Accelerating the data acquisition of dynamic magnetic resonance imaging leads to a challenging ill-posed inverse problem, which has received great interest from both the signal processing and machine ...learning communities over the last decades. The key ingredient to the problem is how to exploit the temporal correlations of the MR sequence to resolve aliasing artifacts. Traditionally, such observation led to a formulation of an optimization problem, which was solved using iterative algorithms. Recently, however, deep learning-based approaches have gained significant popularity due to their ability to solve general inverse problems. In this paper, we propose a unique, novel convolutional recurrent neural network architecture which reconstructs high quality cardiac MR images from highly undersampled k-space data by jointly exploiting the dependencies of the temporal sequences as well as the iterative nature of the traditional optimization algorithms.

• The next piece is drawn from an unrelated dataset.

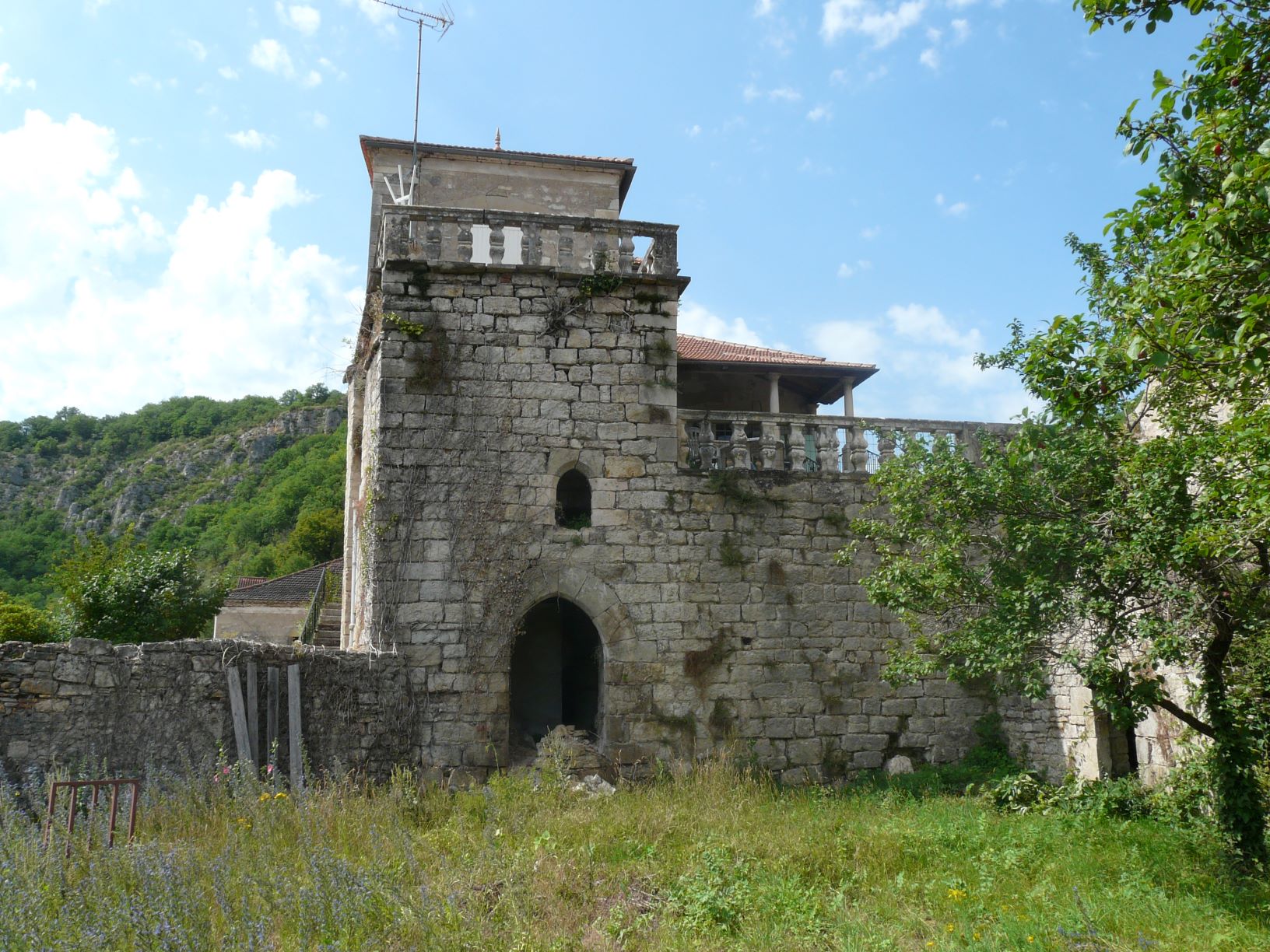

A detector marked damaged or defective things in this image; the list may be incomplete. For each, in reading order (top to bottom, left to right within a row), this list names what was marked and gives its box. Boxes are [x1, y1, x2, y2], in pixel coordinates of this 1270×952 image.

rusty metal frame [42, 782, 140, 858]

In particular, the proposed architecture embeds the structure of the traditional iterative algorithms, efficiently modeling the recurrence of the iterative reconstruction stages by using recurrent hidden connections over such iterations. In addition, spatio-temporal dependencies are simultaneously learnt by exploiting bidirectional recurrent hidden connections across time sequences. The proposed method is able to learn both the temporal dependence and the iterative reconstruction process effectively with only a very small number of parameters, while outperforming current MR reconstruction methods in terms of reconstruction accuracy and speed.